前回に続いて、2017年3月10日~18日に、米国テキサス州オースティンで開催された「サウス・バイ・サウス・ウェスト(SXSW)2017」をB2Bの視点から報告します。

 今回は、SXSWが得意とする動画(映像)について報告します。SXSWには、「MUSIC」「FILM」「INTERCATIVE」という三つのカテゴリーがあります。マーケティング関連の情報はINTERACTIVEで取り上げられましたが、AR(拡張現実)/VR(仮想現実)/動画は、FILMとINTERACTIVEの共通のテーマのため多くのセッションやデモがありました。

B2Bの現場でも使われる動画

 B2Bと動画という二つの言葉は、今までは遠い関係だったでしょう。しかしYouTubeで、例えば検索窓に「無線ルーター設置」と入力してみると、メーカーやサービス会社が作成した、実に多くの動画を見つけられます。

 同様に、皆さんが取り引きしている企業名や、取り扱っている製品名をYouTubeの検索窓に入力してみましょう。多くの動画が見つかるのではないでしょうか。

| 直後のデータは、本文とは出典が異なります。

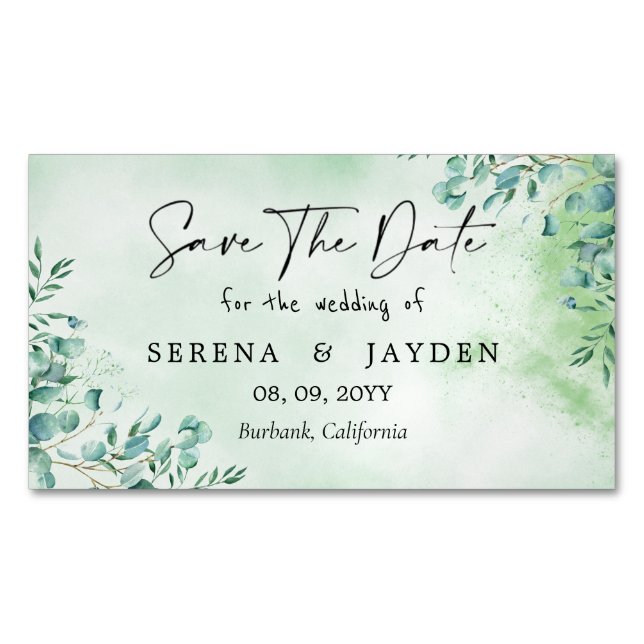 Eukalyptus Watercolor Wedding Save the date Magne Magnetische Visitenkarte (Vorderseite)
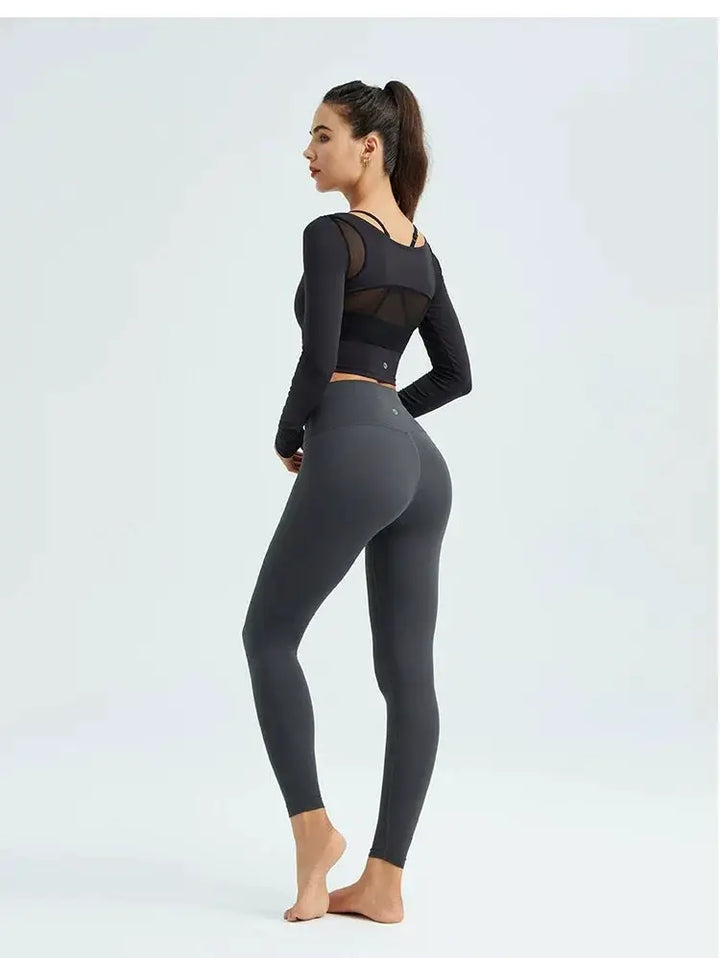 Jiao Ma Yoga Pants High Waist Algin Fabric Hip Raise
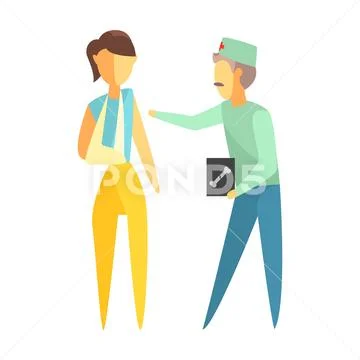 Doctor holding roentgen image and helping a woman with a broken arm. Colorful Stock Illustration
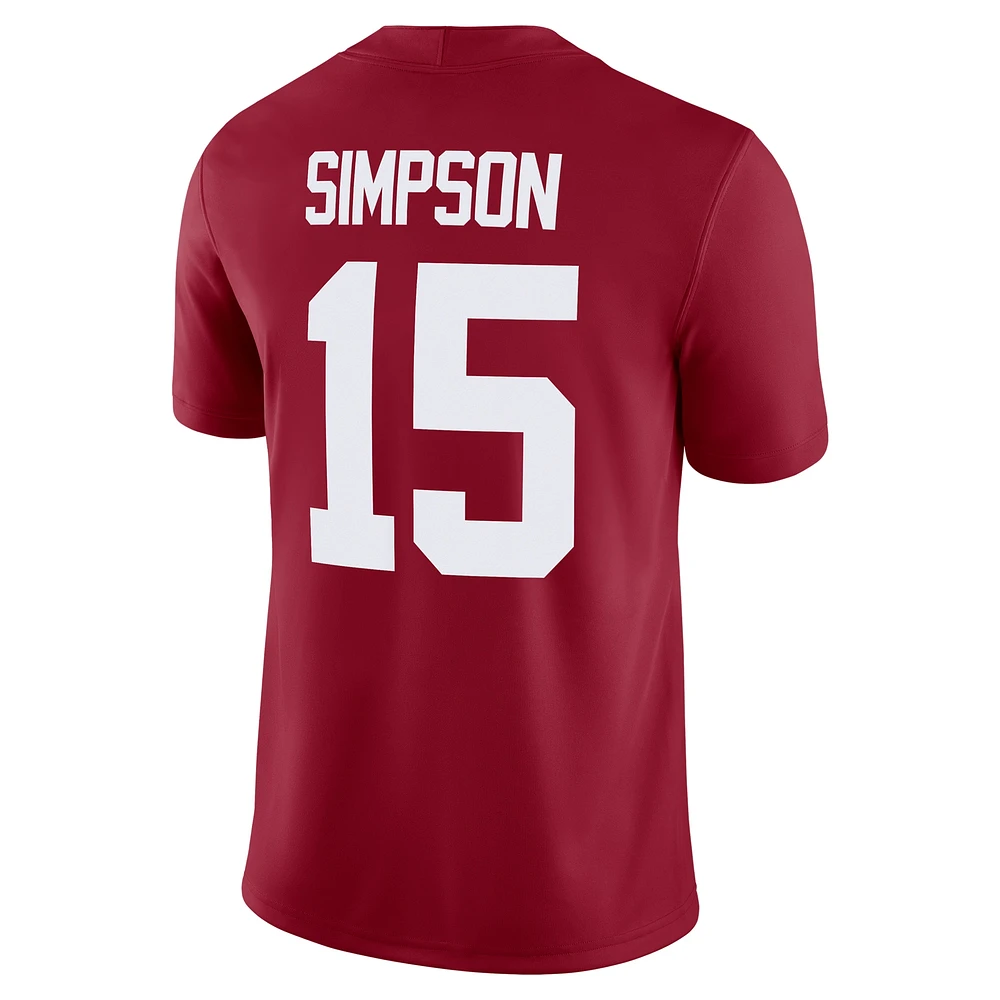 Men's Nike Ty Simpson Crimson Alabama Tide NIL Football Game Jersey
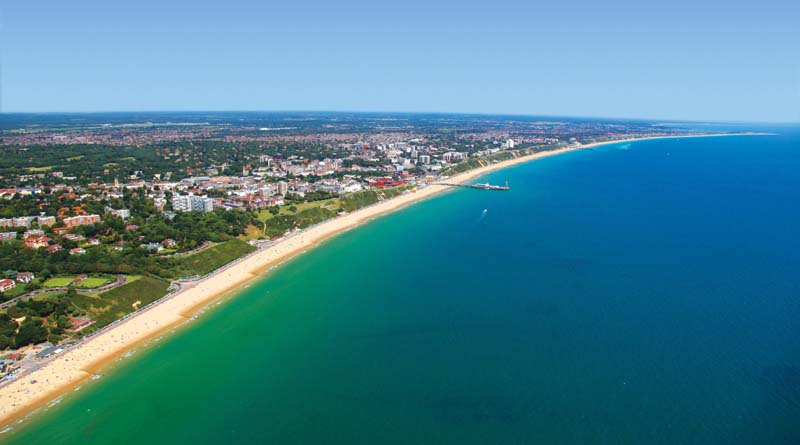 Bournemouth beach from the air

 インターネットが普及し始めたころは、ネットワークの回線速度が遅く、テキスト中心の情報交換でした。しかし、今では回線速度は速くなり、簡単に写真や動画を共有できるようになりました。皆さんの中にも、HTMLは書けないけど写真や動画はインターネットに公開できるという人も多いのではないでしょうか?

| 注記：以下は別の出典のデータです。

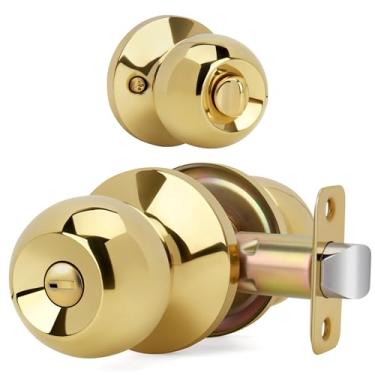 Imagem de LOQRON Maçaneta de porta com design de bola com trava, maçaneta sem chave redonda de privacidade para banheiro/quarto, acabamento em latão polido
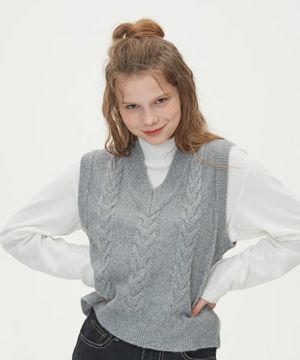 케이블 니트 베스트_그레이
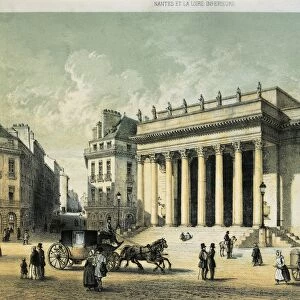 France, Nantes, View of the Theatre Graslin by Charpentier, lithograph
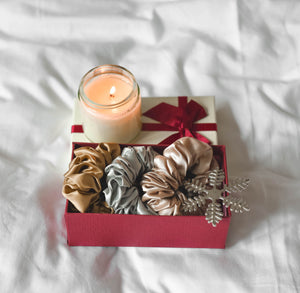 100% Pure Mulberry Silk Scrunchies - Star Anise (Bundle Gift Set)
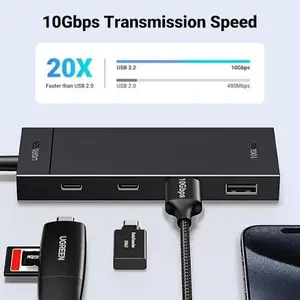UGREEN USB-C to 2x USB 3.2 1x USB-C 3.2 2x HDMI 2x DP RJ45 Gigabit PD Port Converter 9-in-1 10Gbps Dual Display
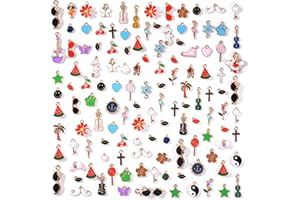 STINO Bulk Gold Enamel Charms for Jewelry Making, Colorful Metal Charms Pendant for Bracelet Necklace and Crafting
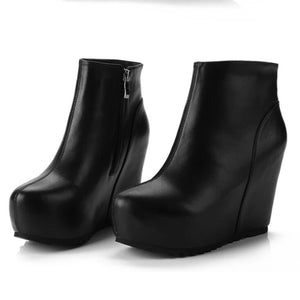 Petite Size Inner Wedge Heel Platform Side Zipper Boots MS394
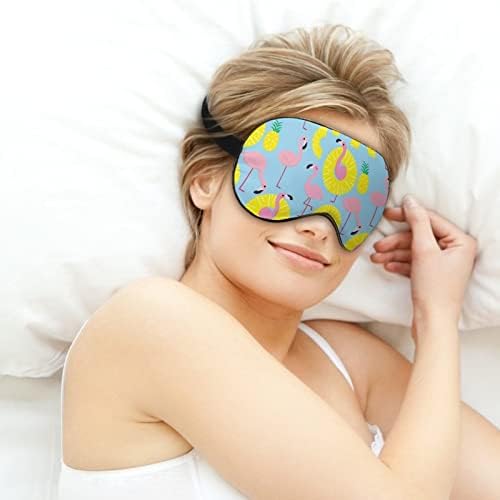 Flamingo i ananas mekano maska ​​za masku za spavanje za spavanje za sjenčanje Udobnost za povezivanje sa elastičnim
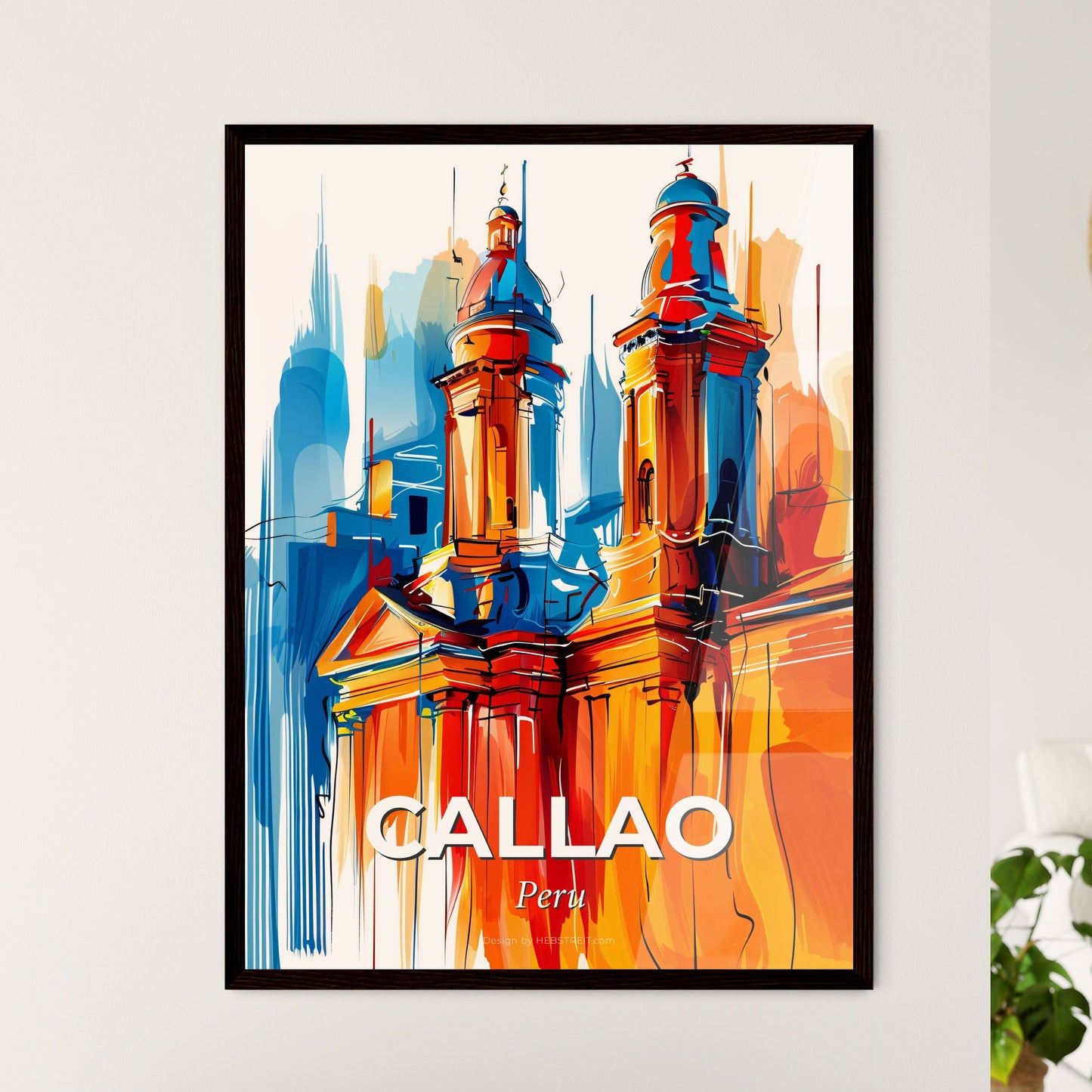 Vibrant Callao, Peru - A Painting Of A Building With Towers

 私も、少々難しいマニュアルをインターネットで読むよりも、動画を見た方が分かりやすかったという経験もあります。この経験には、B2BとB2Cに違いはないのではないでしょうか?今回は、動画・映像に関して、SXSWでどのようなことを話題とし、またどのような展示があったのかを紹介します。

B2BでAR/VRが当たり前に

 まずは、AR/VRです。AR(Augmented Reality)とVR(Virtual Reality)は、新しい情報の表現方法、体験方法です。今年のSXSWでは、AR/VRを体験できる常設のデモ会場ができました。

[画像のクリックで拡大表示]

 ホワイトハウスの中を歩き回れる体験や、NASAの火星旅行体験などの、さまざまなコンテンツが体験できました。今年はNHKエンタープライズなどが開発した、ヘッドマウント・ディスプレイを使わないタイプの、「8K:VRライド」も出展しているなど、近年の動画の表現技術やその周辺技術の進化を体験できました。

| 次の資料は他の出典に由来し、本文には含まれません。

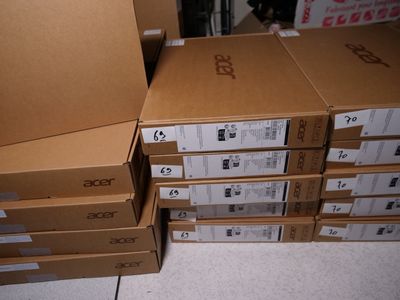 several boxes stacked on top of each other on the floor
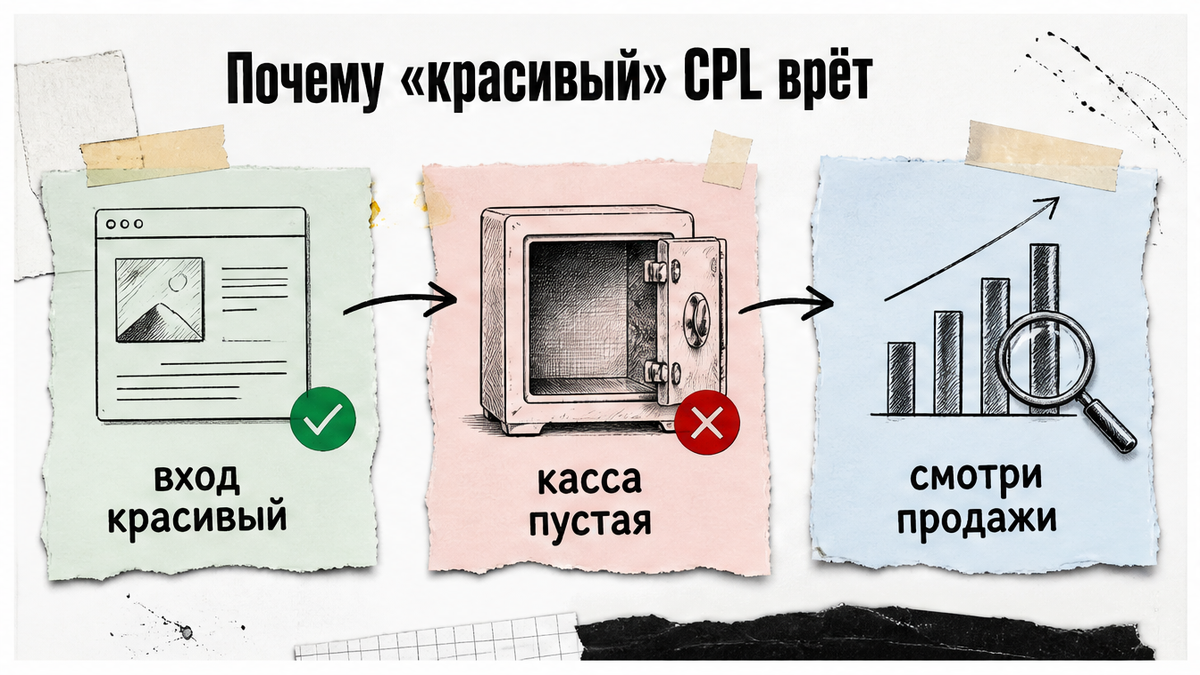 Схема: почему красивый CPL не равен продажам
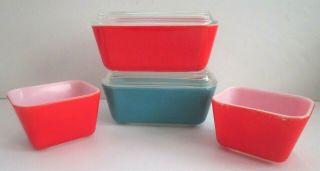 4 Vintage Pyrex Red & Blue Refrigerator Dishes 501 & 502 With 2 Lids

 セッションでは、ロサンゼルスにカナダのIMAX社による「IMAX VRシアター」が、SXSW開催時点で既に存在しているとの説明がありました。現在ではIMAX VRシアターは、ニューヨークにも登場しています。これ以外にもSXSW2017では、AR/VRを取り巻く産業が、急速に発展していることを確認できました。